## EXERCISE MATERIAL

************

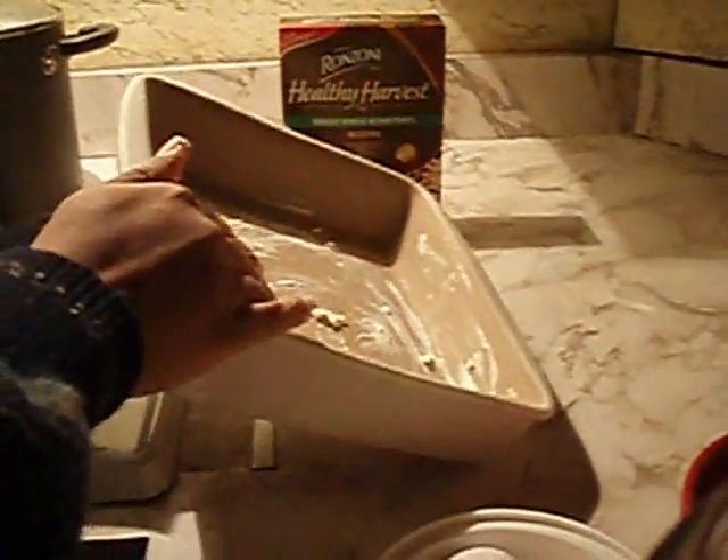I'm going to finish grating the rest of the cheese. This is a stoneware baking dish — a 9 by 9 square pan — and I'm just putting a little margarine inside. You can use butter, but do you. I'm using what I have in my pantry. You just coat it and then set it to the side for your macaroni and cheese.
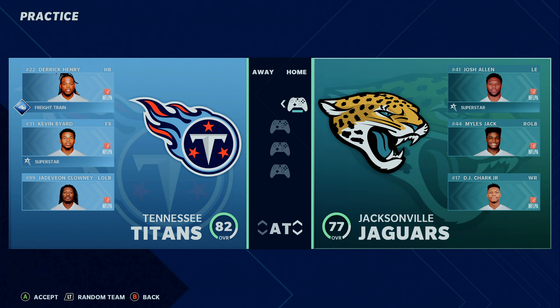Hey, what's going on guys? It's Ian from MaddenSchool.com and I just wanted to make a quick video today showcasing this new Xbox One Series X with Madden 21 on it.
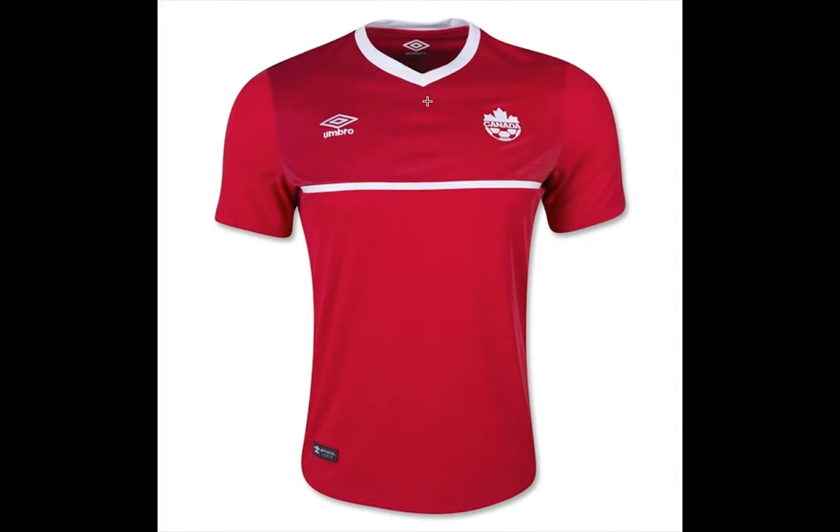We have the white V-neck collar, the Umbro logo, and the white Canada Association logo which is very simple — it lends itself to false colors, but I think it could have been put in a shield or just redone in some way. I think even the Canadian flag would have been better. An odd feature of this jersey is that the torso is in a darker red tone than the sleeves, which is something I actually don't like.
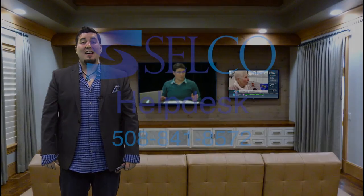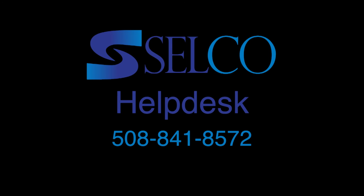As always, if you have any questions, you can always call our Selco Help Desk at 508-841-8572.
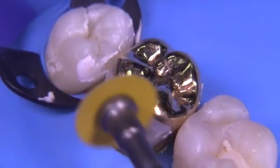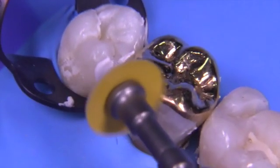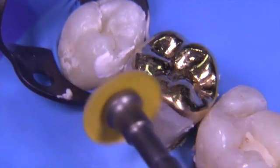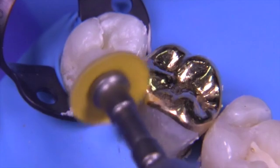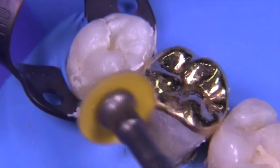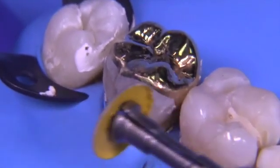Now we're going to use a medium garnet disc, rotating clockwise — from gold to tooth — and that's always the way we want to do it. Dr. Tucker always said this is the workhorse of all the discs, meaning it does very fast work. It's handy to start with the garnet disc because it very quickly gets the tooth and the gold to the same plane.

************

Set down word for word every line from the line containing "As always, if" through the last line of the entries, and nothing more; no pictures.

## RESPONSE TO THIS TASK
As always, if you have any questions, you can always call our Selco Help Desk at 508-841-8572.
Now we're going to use a medium garnet disc, rotating clockwise — from gold to tooth — and that's always the way we want to do it. Dr. Tucker always said this is the workhorse of all the discs, meaning it does very fast work. It's handy to start with the garnet disc because it very quickly gets the tooth and the gold to the same plane.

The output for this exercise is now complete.